Conflito de Atribuições – Cível
Protocolado nº
129.423/15
(Ref. SIS nº 43.0712.0005279/2015-0)
Suscitante: 4º
Promotor de Justiça de Sorocaba (Idoso)
Suscitado: 15º Promotor de Justiça de Sorocaba (Consumidor)
Ementa: Conflito
negativo de atribuições. Associação Nacional dos Aposentados e Consumidores -
ASNAC com sede em Sorocaba. Dimensão espacial da lesão, modo de captação dos
clientes e limites da atuação da associação até o momento desconhecidos, o que
afasta a distinção entre dano local e regional como critério para resolução do
conflito. Associação que se dispõe a prestar serviços jurídicos judiciais e
extrajudiciais e outros em prol de consumidores em geral, aposentados ou não, e
de pensionistas. Conflito resolvido pelo critério do interesse mais abrangente.
1. Todo idoso é consumidor,
mas nem todo consumidor é idoso. A aposentadoria pode decorrer de invalidez ou
do tempo de serviço, e o pensionista pode ou não ser idoso.

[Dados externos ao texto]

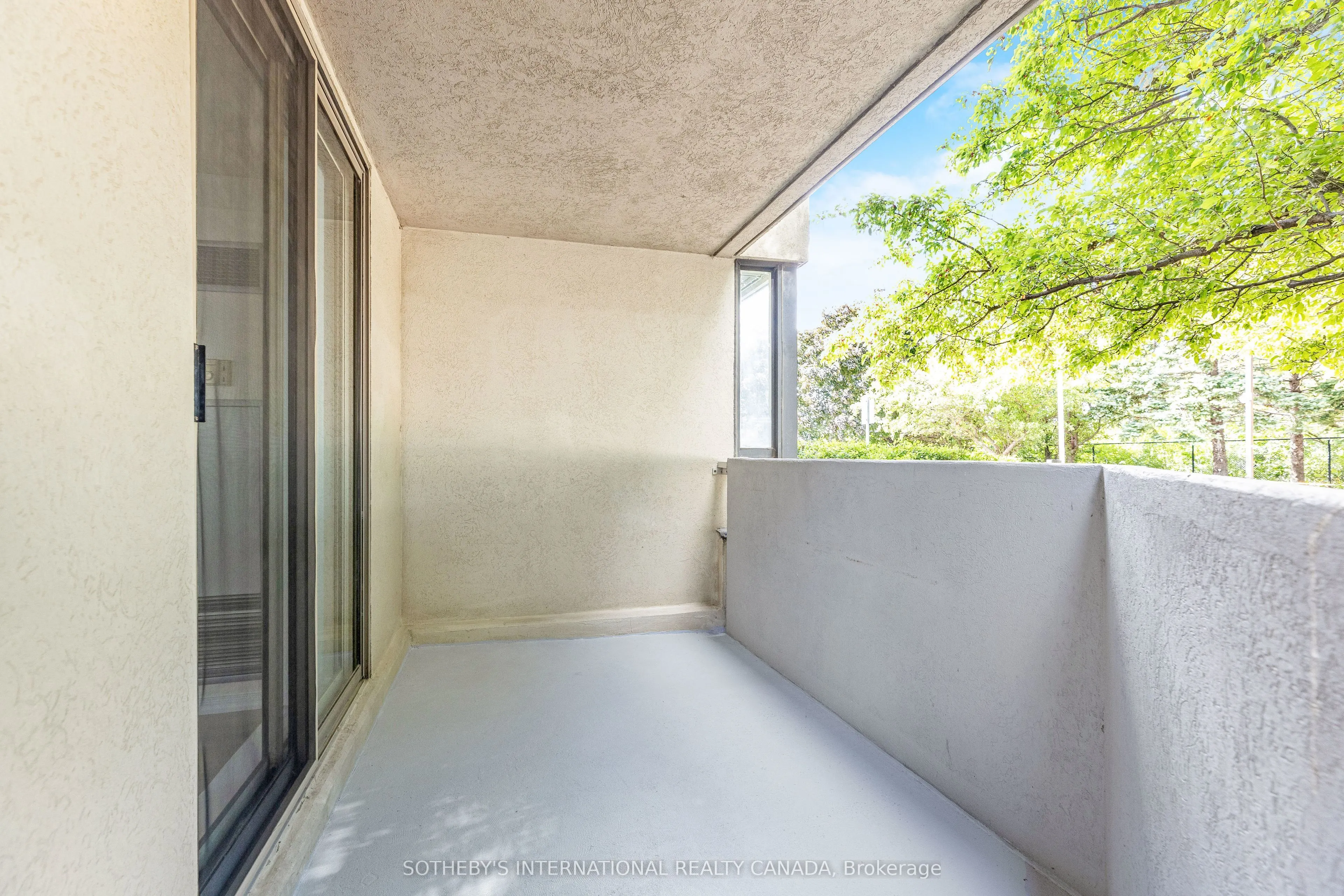 400 webb Drive, #103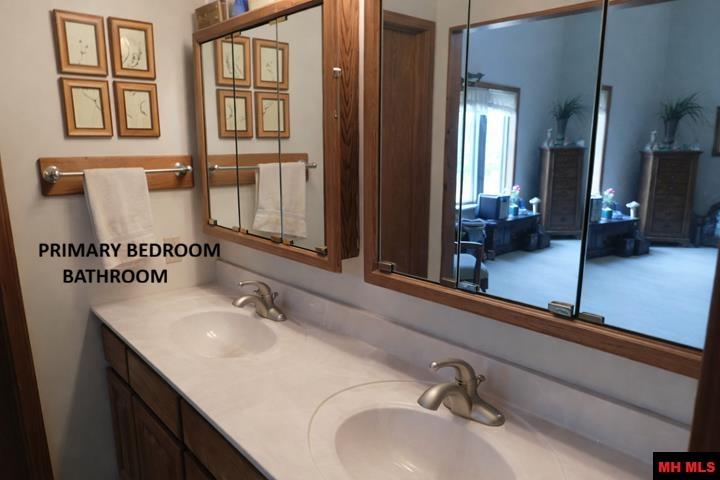 1117 CR 784 Mountain Home, AR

Associação que se
dispõe a prestar serviços jurídicos de revisão de benefícios previdenciários e
de defesa dos direitos de aposentados e consumidores, cooptando-os a se
associarem viola direitos difusos dos idosos e dos consumidores. 2. Embora as duas Promotorias de
Justiça em conflito tenham atribuição para oficiar nos autos, o conflito deve
ser resolvido para direcionar a atribuição àquela cuja esfera de atuação seja
mais abrangente. 3. Conflito
resolvido para afetar ao Suscitado, DD. 15º Promotor de Justiça de Sorocaba -
com atribuição para defesa dos direitos e interesses dos consumidores - a
atribuição para atuar nos autos.
Vistos.
1) Relatório.
Trata-se de conflito
negativo de atribuições, figurando como suscitante o DD. 4º Promotor de Justiça de Sorocaba (Idoso),
e como suscitado o DD. 15º Promotor
de Justiça de Sorocaba (Consumidor).
O procedimento foi instaurado por força de representação encaminhada pelo Procon de Sorocaba ao Suscitado - DD. 15º Promotor de Justiça de Sorocaba (Consumidor), dando conta que a ASSOCIAÇÃO NACIONAL DOS APOSENTADOS E CONSUMIDORES - ASNAC, com antiga sede em Osasco, transferiu-se para Sorocaba, onde vinha encaminhando correspondência à residência de consumidores, em geral beneficiários do INSS, sugerindo-lhe que tinham diferenças de valores a receber em funções de correções em seus benefícios previdenciários, convidando-os a comparecerem à sede da empresa, onde lhes oferecia serviços jurídicos judiciais e extrajudiciais, mediante assinatura de contrato de adesão à associação e pagamento de quantia mensal.
A representação inaugural foi instruída com documentos (fls. 02/72).
O Suscitado (DD. 15º Promotor de Justiça de Sorocaba - Consumidor) declinou de sua atribuição para se manifestar nos autos, nos seguintes termos (fls. 75/76):
"Conforme informado, tendo como público alvo aposentados
e pensionistas, em sua maioria, portanto, idosos, a associação, para
incrementar o número de integrantes, encaminha correspondência à casa dos
idosos, prometendo avaliar a situação pessoal de cada um, frente à necessidade
de correção de alguns benefícios previdenciários e/ou assistenciais (fls. 06).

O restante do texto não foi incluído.